That said, I also agree with you that in order to follow his logic of "I'm making everything from scratch myself" I found myself saying "You didn't make that boat. You didn't make that knife. You didn't make that oven. You didn't make those seeds. You didn't make that [whatever]" etc.

It used to seem like every time I told someone I wrote a program they would pick out some eye candy fature and say "did you create this?" and as soon as I told that I used a library, API call or somebody's function they would say "so it's not original then."  I felt like saying to them "Come back and talk to me when you invent your own spoken language.  Then you will have something original to say."  Henry Ford was creative because he stuck a gasoline engine on the buggy cheap enough so that you could be a bank teller and buy one, not just the bank president.  He didn't invent the wheel and axle.  :)

Quote
I had Jimmy Johns once. It was OK. I still prefer Subway.
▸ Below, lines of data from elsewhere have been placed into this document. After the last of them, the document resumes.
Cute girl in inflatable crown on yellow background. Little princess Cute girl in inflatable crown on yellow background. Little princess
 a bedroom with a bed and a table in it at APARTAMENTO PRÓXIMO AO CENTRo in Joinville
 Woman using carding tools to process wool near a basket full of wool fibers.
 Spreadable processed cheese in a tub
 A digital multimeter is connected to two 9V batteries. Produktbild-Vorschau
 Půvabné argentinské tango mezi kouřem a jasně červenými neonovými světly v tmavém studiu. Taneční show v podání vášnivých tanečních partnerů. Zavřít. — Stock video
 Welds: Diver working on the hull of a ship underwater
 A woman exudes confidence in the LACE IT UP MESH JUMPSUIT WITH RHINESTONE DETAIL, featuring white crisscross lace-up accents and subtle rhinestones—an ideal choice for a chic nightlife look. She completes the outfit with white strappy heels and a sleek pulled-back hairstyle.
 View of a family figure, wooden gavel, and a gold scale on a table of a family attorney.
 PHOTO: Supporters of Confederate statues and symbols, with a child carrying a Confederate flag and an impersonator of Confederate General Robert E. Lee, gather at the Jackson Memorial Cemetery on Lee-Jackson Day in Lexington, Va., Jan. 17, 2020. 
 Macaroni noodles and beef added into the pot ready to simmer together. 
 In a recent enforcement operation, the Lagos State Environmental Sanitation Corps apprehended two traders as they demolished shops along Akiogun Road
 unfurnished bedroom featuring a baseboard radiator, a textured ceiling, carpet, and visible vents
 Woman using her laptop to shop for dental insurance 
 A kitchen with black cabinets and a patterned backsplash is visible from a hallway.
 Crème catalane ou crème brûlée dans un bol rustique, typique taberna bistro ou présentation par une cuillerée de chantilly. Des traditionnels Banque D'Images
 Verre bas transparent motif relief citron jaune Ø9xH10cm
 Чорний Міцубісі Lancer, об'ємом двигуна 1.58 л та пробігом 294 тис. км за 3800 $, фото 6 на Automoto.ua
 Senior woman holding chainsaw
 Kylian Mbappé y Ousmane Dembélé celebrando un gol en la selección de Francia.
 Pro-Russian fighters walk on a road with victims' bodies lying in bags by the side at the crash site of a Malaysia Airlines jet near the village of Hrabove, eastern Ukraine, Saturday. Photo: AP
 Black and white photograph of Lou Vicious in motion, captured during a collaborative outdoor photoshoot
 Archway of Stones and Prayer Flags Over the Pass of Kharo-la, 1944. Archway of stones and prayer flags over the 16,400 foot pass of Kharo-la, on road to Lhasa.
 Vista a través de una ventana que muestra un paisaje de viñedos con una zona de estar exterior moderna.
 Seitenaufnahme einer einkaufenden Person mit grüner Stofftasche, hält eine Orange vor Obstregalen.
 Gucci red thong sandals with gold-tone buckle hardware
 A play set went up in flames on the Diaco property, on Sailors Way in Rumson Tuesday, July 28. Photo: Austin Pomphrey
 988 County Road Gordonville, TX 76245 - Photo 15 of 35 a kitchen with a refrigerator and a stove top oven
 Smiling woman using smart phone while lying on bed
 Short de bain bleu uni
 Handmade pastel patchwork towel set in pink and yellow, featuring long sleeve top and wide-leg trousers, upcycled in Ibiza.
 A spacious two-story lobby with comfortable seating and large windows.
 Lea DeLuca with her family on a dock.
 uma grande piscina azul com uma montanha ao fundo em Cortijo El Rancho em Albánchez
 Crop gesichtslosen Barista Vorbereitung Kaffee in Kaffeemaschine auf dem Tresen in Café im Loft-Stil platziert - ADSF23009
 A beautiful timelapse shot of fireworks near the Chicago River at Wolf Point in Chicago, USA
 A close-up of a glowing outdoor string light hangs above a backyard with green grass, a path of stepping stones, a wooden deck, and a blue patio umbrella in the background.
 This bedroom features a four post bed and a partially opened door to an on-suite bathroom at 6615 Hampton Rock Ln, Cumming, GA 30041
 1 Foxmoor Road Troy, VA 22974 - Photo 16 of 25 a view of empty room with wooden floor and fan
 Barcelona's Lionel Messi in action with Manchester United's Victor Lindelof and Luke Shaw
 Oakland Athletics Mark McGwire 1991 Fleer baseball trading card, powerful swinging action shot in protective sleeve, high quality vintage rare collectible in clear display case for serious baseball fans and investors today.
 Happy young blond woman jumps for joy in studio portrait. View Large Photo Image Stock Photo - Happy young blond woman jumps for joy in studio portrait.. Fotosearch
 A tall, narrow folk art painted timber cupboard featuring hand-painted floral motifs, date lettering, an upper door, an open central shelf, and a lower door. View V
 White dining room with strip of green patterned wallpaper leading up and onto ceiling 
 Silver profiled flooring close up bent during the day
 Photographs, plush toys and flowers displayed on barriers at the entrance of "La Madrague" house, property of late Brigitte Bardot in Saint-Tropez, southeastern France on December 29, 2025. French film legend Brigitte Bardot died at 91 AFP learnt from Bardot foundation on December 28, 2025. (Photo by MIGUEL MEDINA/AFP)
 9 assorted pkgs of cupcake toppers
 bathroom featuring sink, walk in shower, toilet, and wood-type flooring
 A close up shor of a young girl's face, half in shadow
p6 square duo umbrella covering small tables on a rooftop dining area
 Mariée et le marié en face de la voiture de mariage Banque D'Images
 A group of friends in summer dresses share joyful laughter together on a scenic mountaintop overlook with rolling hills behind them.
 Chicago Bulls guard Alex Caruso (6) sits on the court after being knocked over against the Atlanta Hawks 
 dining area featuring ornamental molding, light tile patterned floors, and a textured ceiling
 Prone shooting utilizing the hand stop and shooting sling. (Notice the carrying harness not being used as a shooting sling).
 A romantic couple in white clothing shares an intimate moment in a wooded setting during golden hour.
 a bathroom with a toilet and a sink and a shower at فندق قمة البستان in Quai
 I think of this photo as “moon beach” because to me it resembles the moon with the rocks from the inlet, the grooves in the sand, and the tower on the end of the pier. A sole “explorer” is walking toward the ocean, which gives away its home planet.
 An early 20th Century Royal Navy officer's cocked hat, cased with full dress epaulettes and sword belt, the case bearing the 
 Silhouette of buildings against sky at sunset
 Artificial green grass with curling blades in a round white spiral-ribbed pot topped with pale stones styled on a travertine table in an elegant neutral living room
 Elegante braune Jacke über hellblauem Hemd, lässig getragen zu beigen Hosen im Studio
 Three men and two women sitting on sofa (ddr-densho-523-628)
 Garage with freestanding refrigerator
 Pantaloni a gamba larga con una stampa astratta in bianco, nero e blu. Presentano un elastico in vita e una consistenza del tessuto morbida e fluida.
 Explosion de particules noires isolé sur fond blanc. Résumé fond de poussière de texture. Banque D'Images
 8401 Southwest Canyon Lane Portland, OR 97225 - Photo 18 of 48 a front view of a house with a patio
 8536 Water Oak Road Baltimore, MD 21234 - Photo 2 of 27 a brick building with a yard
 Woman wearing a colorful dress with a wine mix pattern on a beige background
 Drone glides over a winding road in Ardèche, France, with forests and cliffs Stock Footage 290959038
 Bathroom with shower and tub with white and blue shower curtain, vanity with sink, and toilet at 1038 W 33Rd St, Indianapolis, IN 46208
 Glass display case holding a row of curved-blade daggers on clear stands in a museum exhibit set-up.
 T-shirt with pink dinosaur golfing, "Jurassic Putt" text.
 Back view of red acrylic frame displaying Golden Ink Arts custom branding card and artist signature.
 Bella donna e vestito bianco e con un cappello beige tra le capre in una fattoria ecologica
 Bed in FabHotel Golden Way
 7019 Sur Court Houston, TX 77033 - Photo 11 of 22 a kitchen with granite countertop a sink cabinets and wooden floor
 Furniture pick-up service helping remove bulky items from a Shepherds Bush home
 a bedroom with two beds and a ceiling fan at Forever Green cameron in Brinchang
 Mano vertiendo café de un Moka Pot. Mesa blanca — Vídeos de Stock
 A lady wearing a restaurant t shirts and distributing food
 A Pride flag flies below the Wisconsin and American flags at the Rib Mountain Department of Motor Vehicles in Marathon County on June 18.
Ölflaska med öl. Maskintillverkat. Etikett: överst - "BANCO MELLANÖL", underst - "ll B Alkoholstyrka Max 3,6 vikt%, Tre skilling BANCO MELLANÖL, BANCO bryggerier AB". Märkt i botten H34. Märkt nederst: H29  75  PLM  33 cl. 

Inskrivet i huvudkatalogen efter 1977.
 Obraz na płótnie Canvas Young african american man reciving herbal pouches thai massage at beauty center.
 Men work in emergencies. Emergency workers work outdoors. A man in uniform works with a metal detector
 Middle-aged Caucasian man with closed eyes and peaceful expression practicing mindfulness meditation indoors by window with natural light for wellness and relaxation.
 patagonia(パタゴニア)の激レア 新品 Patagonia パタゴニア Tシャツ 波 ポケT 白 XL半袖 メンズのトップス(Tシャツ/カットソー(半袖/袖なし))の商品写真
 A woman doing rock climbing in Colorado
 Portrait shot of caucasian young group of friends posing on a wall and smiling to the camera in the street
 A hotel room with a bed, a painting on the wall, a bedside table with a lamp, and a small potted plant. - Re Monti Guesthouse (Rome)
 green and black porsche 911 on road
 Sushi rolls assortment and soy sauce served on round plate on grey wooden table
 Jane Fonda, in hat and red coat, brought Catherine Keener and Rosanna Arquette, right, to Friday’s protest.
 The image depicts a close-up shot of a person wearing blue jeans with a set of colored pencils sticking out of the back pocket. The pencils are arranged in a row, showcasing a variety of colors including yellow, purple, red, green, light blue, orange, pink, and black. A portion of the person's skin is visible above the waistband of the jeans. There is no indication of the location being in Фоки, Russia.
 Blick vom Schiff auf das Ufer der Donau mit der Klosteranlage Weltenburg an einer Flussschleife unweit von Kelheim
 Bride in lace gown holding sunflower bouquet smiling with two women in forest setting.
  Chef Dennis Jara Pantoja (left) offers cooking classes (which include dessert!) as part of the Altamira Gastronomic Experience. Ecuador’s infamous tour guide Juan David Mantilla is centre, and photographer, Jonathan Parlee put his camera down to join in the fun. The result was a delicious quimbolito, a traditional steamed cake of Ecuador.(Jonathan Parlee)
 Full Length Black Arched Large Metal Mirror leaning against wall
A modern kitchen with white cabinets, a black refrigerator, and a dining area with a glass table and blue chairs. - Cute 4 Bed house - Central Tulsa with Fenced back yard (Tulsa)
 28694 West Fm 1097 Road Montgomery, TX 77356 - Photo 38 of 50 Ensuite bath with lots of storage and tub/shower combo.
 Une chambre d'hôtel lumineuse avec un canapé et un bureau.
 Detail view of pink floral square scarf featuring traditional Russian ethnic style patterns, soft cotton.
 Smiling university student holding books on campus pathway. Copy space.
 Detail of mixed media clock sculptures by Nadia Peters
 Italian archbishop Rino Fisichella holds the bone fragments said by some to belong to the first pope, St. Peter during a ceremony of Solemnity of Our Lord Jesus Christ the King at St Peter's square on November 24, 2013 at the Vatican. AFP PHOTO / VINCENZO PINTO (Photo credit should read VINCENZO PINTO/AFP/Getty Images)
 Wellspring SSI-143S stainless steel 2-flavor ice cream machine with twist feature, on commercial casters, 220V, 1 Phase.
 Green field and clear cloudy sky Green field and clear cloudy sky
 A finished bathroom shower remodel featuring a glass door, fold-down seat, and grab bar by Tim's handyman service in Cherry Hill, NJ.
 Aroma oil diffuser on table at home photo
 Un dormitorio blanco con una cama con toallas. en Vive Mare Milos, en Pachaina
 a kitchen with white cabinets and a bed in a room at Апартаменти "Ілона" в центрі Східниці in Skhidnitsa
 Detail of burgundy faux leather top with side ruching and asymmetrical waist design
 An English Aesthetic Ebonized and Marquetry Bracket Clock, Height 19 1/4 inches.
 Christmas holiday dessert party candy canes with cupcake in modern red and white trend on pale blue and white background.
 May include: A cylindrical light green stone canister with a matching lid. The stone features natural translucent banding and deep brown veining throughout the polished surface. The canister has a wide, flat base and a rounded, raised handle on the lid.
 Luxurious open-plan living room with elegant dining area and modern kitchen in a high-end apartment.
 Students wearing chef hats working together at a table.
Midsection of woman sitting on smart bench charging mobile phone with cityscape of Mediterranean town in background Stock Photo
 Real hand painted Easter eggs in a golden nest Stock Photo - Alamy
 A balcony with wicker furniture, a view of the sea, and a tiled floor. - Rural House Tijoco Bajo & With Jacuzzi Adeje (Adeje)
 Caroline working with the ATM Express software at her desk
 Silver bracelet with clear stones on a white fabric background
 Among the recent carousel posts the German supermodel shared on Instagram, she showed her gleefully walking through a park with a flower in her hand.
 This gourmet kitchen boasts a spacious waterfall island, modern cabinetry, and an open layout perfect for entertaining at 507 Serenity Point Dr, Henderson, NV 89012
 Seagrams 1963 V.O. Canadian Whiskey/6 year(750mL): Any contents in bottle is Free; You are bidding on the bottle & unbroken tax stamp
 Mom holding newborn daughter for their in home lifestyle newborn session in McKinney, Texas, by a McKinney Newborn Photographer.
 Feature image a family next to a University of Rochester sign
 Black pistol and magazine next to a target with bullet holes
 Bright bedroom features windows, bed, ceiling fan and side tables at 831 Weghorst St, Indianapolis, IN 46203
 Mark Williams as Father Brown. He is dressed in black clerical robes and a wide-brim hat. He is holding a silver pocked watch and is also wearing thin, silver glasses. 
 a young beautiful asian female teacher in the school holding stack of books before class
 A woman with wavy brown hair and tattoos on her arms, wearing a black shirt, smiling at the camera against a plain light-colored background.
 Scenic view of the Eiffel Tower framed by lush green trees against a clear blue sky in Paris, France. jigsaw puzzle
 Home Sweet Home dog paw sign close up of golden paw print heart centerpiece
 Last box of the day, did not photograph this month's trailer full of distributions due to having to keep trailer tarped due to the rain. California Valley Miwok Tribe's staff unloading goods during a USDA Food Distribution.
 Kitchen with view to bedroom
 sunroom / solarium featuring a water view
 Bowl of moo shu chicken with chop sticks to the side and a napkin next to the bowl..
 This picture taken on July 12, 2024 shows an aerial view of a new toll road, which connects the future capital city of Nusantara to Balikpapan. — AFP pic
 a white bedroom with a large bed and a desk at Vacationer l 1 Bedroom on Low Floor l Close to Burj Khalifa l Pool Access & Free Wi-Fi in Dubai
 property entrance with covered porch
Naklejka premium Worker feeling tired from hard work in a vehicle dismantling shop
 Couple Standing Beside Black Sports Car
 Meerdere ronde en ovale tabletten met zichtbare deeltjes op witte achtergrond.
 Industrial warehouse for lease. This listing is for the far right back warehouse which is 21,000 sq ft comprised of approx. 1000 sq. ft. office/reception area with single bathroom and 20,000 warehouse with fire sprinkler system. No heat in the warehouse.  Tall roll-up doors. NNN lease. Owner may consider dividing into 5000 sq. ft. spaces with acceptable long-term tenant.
I probably told this a few times on here already.  But when I got my first job as a mechanic, the next street over was a pizza/sub shop.  I used to zip over when I could get an extra few minutes for lunch. It was a one man operation.  The guy did not believe in prepping the food.  When I ordered a Steak & Egg sub he put the steak strips on the grill and scrambled fresh eggs in front of me.  Then to toast it he put the sub in the pizza oven.  I had to wait about 10 minutes to get it, but it was worth it.  The guy would even encourage me to eat the sub there.  I asked why.  He said "because I enjoy seeing someone really enjoy eating what I cook."  That spoiled me.  No chain of sub shops can even echo the taste and quality of that shop.